ABOUT THIS EXERCISE ::
Print the listing below in its entirety, character for character.

*-*-*

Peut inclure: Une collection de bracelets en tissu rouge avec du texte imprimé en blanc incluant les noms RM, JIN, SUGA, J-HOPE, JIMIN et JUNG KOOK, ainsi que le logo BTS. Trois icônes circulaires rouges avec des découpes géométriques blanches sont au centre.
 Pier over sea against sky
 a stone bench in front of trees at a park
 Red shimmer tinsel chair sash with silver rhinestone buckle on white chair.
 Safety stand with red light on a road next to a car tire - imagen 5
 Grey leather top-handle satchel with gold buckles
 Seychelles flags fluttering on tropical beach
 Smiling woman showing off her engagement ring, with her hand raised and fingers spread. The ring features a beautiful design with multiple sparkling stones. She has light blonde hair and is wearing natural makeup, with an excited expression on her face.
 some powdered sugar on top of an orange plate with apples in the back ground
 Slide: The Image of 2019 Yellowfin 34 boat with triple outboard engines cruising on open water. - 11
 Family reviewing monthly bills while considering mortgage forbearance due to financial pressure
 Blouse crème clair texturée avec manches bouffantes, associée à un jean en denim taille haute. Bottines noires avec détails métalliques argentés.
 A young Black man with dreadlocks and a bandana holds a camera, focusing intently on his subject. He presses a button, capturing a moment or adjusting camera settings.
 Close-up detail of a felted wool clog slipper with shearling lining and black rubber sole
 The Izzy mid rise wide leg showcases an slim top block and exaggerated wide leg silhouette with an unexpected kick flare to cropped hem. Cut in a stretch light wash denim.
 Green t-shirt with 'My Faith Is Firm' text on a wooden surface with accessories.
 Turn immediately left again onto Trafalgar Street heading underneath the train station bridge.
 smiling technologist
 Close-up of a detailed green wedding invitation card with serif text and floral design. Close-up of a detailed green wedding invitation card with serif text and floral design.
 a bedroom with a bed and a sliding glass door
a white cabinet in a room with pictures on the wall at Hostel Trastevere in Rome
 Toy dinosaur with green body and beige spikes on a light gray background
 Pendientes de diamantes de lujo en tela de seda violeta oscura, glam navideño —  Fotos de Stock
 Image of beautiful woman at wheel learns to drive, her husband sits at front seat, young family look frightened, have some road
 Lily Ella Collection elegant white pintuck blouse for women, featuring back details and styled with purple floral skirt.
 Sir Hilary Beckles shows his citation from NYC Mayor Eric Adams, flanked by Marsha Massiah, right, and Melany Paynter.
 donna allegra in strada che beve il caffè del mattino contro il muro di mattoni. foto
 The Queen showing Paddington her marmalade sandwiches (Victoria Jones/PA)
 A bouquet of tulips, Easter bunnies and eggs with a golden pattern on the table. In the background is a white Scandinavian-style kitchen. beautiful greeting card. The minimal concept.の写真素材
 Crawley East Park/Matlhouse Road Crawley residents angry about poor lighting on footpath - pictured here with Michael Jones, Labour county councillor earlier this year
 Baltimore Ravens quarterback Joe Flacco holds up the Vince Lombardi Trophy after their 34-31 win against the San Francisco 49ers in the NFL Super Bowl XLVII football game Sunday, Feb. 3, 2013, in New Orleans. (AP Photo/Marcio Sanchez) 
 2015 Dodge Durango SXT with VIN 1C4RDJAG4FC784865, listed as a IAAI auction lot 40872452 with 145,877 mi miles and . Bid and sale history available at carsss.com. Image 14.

*-*-*

WRITTEN SOLUTION ::
Peut inclure: Une collection de bracelets en tissu rouge avec du texte imprimé en blanc incluant les noms RM, JIN, SUGA, J-HOPE, JIMIN et JUNG KOOK, ainsi que le logo BTS. Trois icônes circulaires rouges avec des découpes géométriques blanches sont au centre.
 Pier over sea against sky
 a stone bench in front of trees at a park
 Red shimmer tinsel chair sash with silver rhinestone buckle on white chair.
 Safety stand with red light on a road next to a car tire - imagen 5
 Grey leather top-handle satchel with gold buckles
 Seychelles flags fluttering on tropical beach
 Smiling woman showing off her engagement ring, with her hand raised and fingers spread. The ring features a beautiful design with multiple sparkling stones. She has light blonde hair and is wearing natural makeup, with an excited expression on her face.
 some powdered sugar on top of an orange plate with apples in the back ground
 Slide: The Image of 2019 Yellowfin 34 boat with triple outboard engines cruising on open water. - 11
 Family reviewing monthly bills while considering mortgage forbearance due to financial pressure
 Blouse crème clair texturée avec manches bouffantes, associée à un jean en denim taille haute. Bottines noires avec détails métalliques argentés.
 A young Black man with dreadlocks and a bandana holds a camera, focusing intently on his subject. He presses a button, capturing a moment or adjusting camera settings.
 Close-up detail of a felted wool clog slipper with shearling lining and black rubber sole
 The Izzy mid rise wide leg showcases an slim top block and exaggerated wide leg silhouette with an unexpected kick flare to cropped hem. Cut in a stretch light wash denim.
 Green t-shirt with 'My Faith Is Firm' text on a wooden surface with accessories.
 Turn immediately left again onto Trafalgar Street heading underneath the train station bridge.
 smiling technologist
 Close-up of a detailed green wedding invitation card with serif text and floral design. Close-up of a detailed green wedding invitation card with serif text and floral design.
 a bedroom with a bed and a sliding glass door
a white cabinet in a room with pictures on the wall at Hostel Trastevere in Rome
 Toy dinosaur with green body and beige spikes on a light gray background
 Pendientes de diamantes de lujo en tela de seda violeta oscura, glam navideño —  Fotos de Stock
 Image of beautiful woman at wheel learns to drive, her husband sits at front seat, young family look frightened, have some road
 Lily Ella Collection elegant white pintuck blouse for women, featuring back details and styled with purple floral skirt.
 Sir Hilary Beckles shows his citation from NYC Mayor Eric Adams, flanked by Marsha Massiah, right, and Melany Paynter.
 donna allegra in strada che beve il caffè del mattino contro il muro di mattoni. foto
 The Queen showing Paddington her marmalade sandwiches (Victoria Jones/PA)
 A bouquet of tulips, Easter bunnies and eggs with a golden pattern on the table. In the background is a white Scandinavian-style kitchen. beautiful greeting card. The minimal concept.の写真素材
 Crawley East Park/Matlhouse Road Crawley residents angry about poor lighting on footpath - pictured here with Michael Jones, Labour county councillor earlier this year
 Baltimore Ravens quarterback Joe Flacco holds up the Vince Lombardi Trophy after their 34-31 win against the San Francisco 49ers in the NFL Super Bowl XLVII football game Sunday, Feb. 3, 2013, in New Orleans. (AP Photo/Marcio Sanchez) 
 2015 Dodge Durango SXT with VIN 1C4RDJAG4FC784865, listed as a IAAI auction lot 40872452 with 145,877 mi miles and . Bid and sale history available at carsss.com. Image 14.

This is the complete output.